How she wished he were dressed! With his dark hair and far too many muscles visible, he seemed more imposing than she had imagined. And she was flushed and shaking, remembering last night, unable to believe herself that she had come here like this, and yet…
“Let me see if I really heard you correctly,” he said. “You want me to pretend that we’re engaged, so that you can go on a very long trip to pine after a man you can’t have?”
“You have no intention of marrying anyone, anyway!” she said.
He leaned toward her. She nearly jumped back. “How do you know that?”
She waved a hand in the air. “Your affairs are notorious!”
“Perhaps I’ve changed.”
She shook her head. He was making this very hard on her!
“What makes you think that this will help you any? I dragged you from the man’s embrace when I wasn’t your so-called intended!” His voice was like a growl. She was beginning to regret coming. He was just going to make her feel more and more like a fool. With ever less dignity.
“I’m not going to flirt with anyone,” she said. “Or even try to influence David in any way.”
“You’re lying.”
“No.”
“Then why must you go?” he demanded.
She swallowed hard, certain that he was going to mock her yet again.
“I seriously think that his life is in danger.”
Hunter groaned, rising. She did back away then. He stared at her, dark hair awry, his strong features set in a mask, like that of a bronze statue.
“Please, I don’t understand why you won’t believe me!” she cried.
He strode across the room, planting himself in front of the fireplace. She flushed again, wondering why her mind was wandering from the seriousness of her intent to the muscled outline of his body.
“Please!” she whispered.
He turned. “Miss Adair, this is the largest pile of manure I believe I have ever heard.”
She forced her eyes to remain level with his. She tried hard to still the trembling that had seized her.
“But it’s the truth.”
He shook his head, staring at her. “And what? If there were really someone out there intent on killing David, just what do you think you could do?”
“I saved his life once.”
“We’re going to the desert. Not the water.”
“Please. I…I swear I would make it up to you.”
“How?” he demanded.
“I…I will be the best assistant you have ever had.”
“Assistants are easy enough to come by.”
She gritted her teeth. “I will listen to your every word, be at your beck and call. I will put pillows beneath your feet, fetch your drinks…cook, clean, anything!”
“You’ve yet to know the meaning of ‘anything,’” he informed her harshly.
She flushed to the roots. “Sir Hunter—”
“If I agree to this insanity,” he said, setting his cup on the mantel and moving before her, then making her most uneasy as he walked a slow circle around her, “and we are still on an enormous ‘if’! If I agree to it, and you so much as go near the man, I’ll drag you away by your hair. You’ll rue the day you persuaded me to let you come.”

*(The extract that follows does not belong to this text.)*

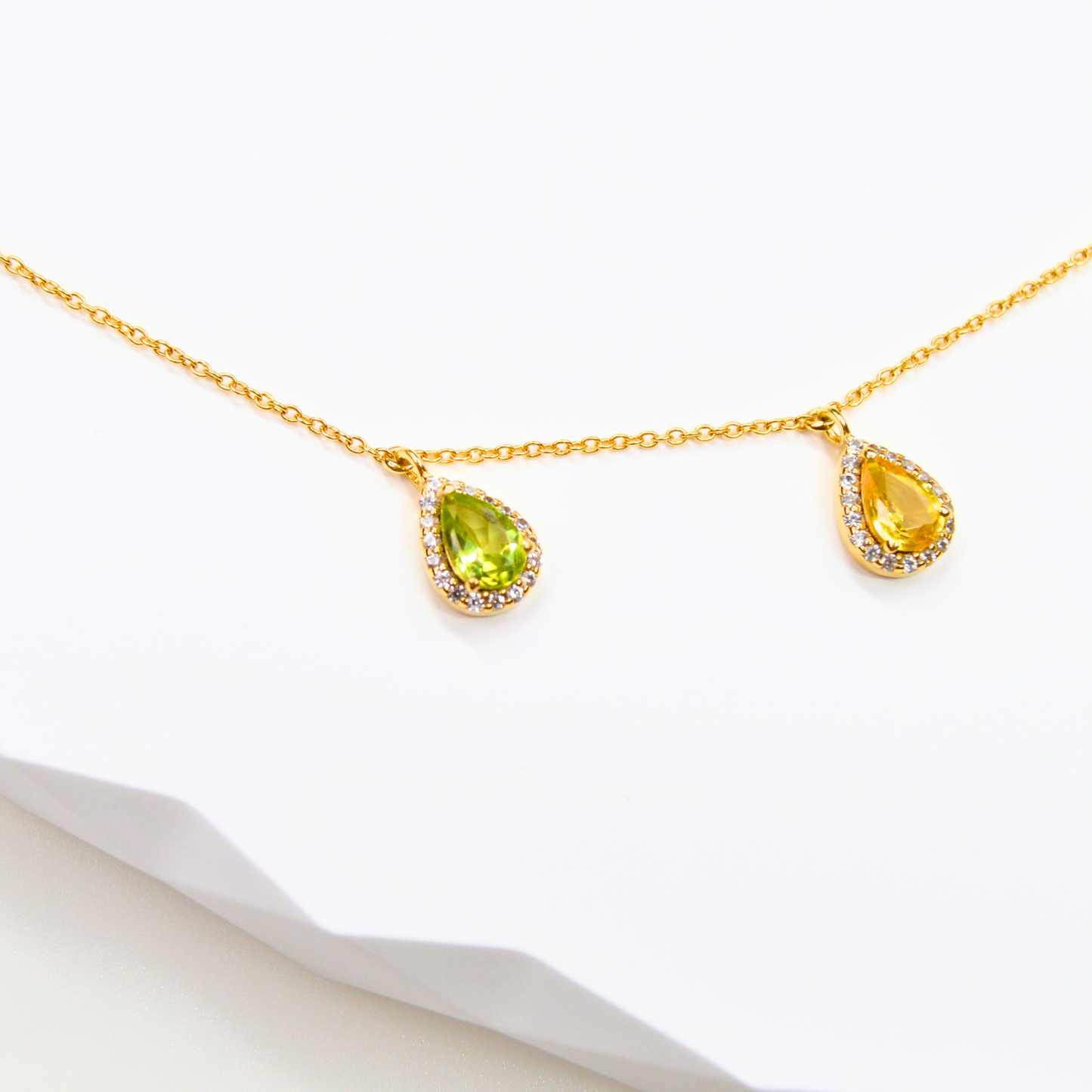 Four Stone Pear Necklace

She forced herself to remain very still. “That’s cruel, but understandable.”
“I am a man of many sins, and I assure you, pride is high among them,” he told her.
“I’ve noticed,” she said softly.
“And then again…how will it look if I find someone alluring along the way?”

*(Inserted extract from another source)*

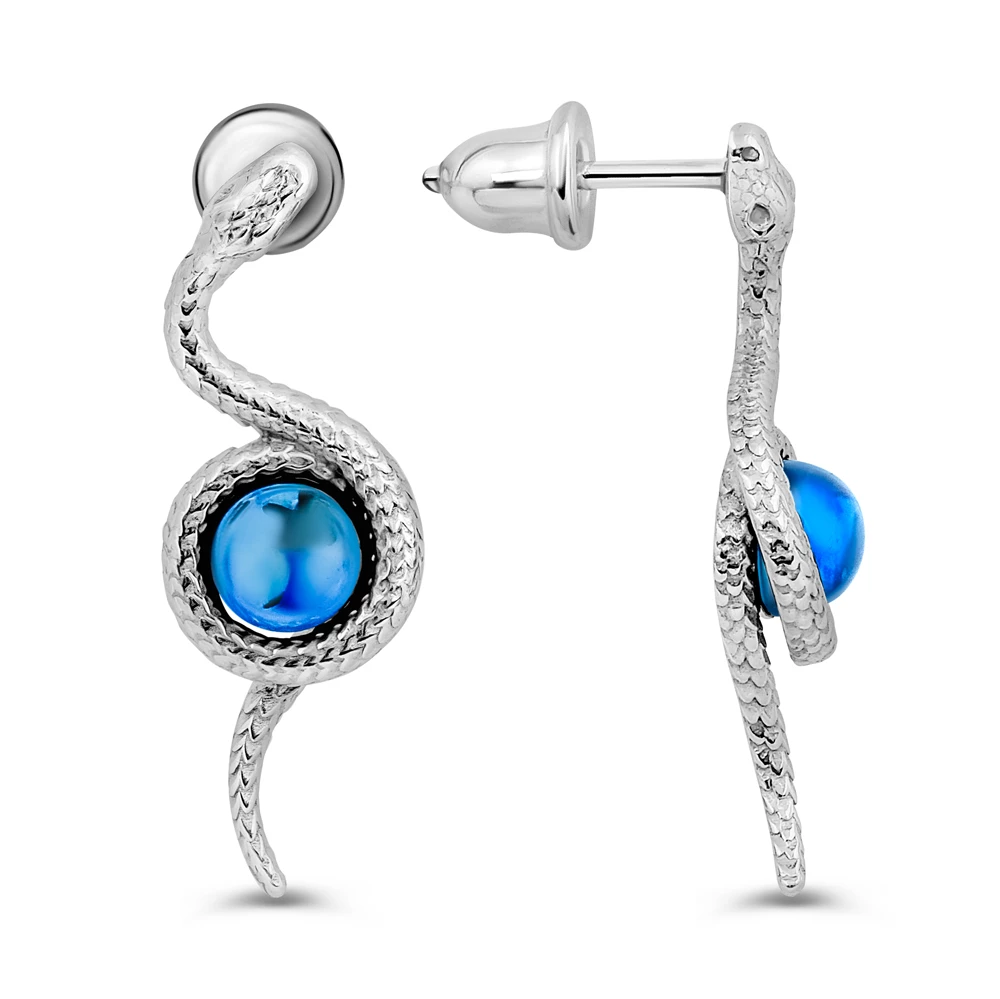 Серьги  Змея с янтарем из серебра 925 пробы 3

“I’d simply look the other way,” she said.
“What if I were to fall in love?”
“Then you would have to cast me aside.”
“Oh, that would be a drama you would love, eh?”
“No!” Kat cried. “I’m just saying that…”
She broke off. He had returned to the mantel for his cup, and now thrust it toward her. “Coffee,” he said simply.
She stared at him hatefully for a moment, then retrieved the cup to pour more coffee into it and hand it back to him.
“Ah, look at you! You’ll do anything, eh? So far, we’ve only made it to coffee, and I can see you’re ready to thrust a knife in my back.”
“You are deliberately trying to irritate me,” she accused him.
He took her by the chin, dark eyes, lips so close that she felt herself start to shake again, remembering.
“It will get much, much worse!” he warned.
“Then…you’ll do it?”
He groaned again, deep and long. Then he waved a hand in the air.
“Get out.”
“But, Hunter…Sir Hunter…”
“Out!”
“But—”
“Yes, yes, damn you! I’ll do it.” He spun around and looked at her. “I’ll give you a performance this very evening that you will not believe. But you will, I swear, pay for it!”
“Thank you,” she managed.
“Out!”
“I’m leaving!”
And she did. She ran out of the room as quickly as she could manage, nearly slamming into Emma in her haste. Of course, the housekeeping had been waiting just outside the door. She grasped Kat’s arm, drawing her farther down the hall.
“He’ll do it?” she said excitedly.
“Yes.”
“I told you!”
“But he’s so angry!” Kat said with a shiver.
“He’ll calm down.” Emma clasped her hands together happily. “Oh, this will be such fun! But everything must be done quickly, as well.”
“Wait, wait, Emma! There’s nothing to be done. It is a farce, a charade, nothing more.”
“Good heavens, dear girl, don’t you see? It must be a good charade. If Sir Hunter has agreed, he will know that my words are true.”
“Emma!” Kat caught the woman’s hands and stared into her eyes. “It’s not real!”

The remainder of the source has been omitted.